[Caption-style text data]
■ ■ ■

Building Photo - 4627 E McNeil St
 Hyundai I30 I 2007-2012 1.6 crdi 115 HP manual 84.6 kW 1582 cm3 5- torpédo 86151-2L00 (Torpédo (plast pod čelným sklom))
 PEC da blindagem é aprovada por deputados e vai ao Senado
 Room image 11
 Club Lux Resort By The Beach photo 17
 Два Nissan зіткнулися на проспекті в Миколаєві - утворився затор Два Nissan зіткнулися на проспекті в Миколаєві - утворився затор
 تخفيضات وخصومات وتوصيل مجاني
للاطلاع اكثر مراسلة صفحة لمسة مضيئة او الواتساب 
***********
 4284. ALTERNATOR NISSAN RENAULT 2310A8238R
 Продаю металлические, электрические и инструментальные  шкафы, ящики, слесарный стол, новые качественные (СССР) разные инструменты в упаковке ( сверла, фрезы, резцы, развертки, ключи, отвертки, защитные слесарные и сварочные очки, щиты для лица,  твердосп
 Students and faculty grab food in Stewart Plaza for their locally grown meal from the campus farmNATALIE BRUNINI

■ ■ ■

§ **ASSIGNMENT**
Restate the records from above exactly as they read.

§ **TASK SOLUTION**
Building Photo - 4627 E McNeil St
 Hyundai I30 I 2007-2012 1.6 crdi 115 HP manual 84.6 kW 1582 cm3 5- torpédo 86151-2L00 (Torpédo (plast pod čelným sklom))
 PEC da blindagem é aprovada por deputados e vai ao Senado
 Room image 11
 Club Lux Resort By The Beach photo 17
 Два Nissan зіткнулися на проспекті в Миколаєві - утворився затор Два Nissan зіткнулися на проспекті в Миколаєві - утворився затор
 تخفيضات وخصومات وتوصيل مجاني
للاطلاع اكثر مراسلة صفحة لمسة مضيئة او الواتساب 
***********
 4284. ALTERNATOR NISSAN RENAULT 2310A8238R
 Продаю металлические, электрические и инструментальные  шкафы, ящики, слесарный стол, новые качественные (СССР) разные инструменты в упаковке ( сверла, фрезы, резцы, развертки, ключи, отвертки, защитные слесарные и сварочные очки, щиты для лица,  твердосп
 Students and faculty grab food in Stewart Plaza for their locally grown meal from the campus farmNATALIE BRUNINI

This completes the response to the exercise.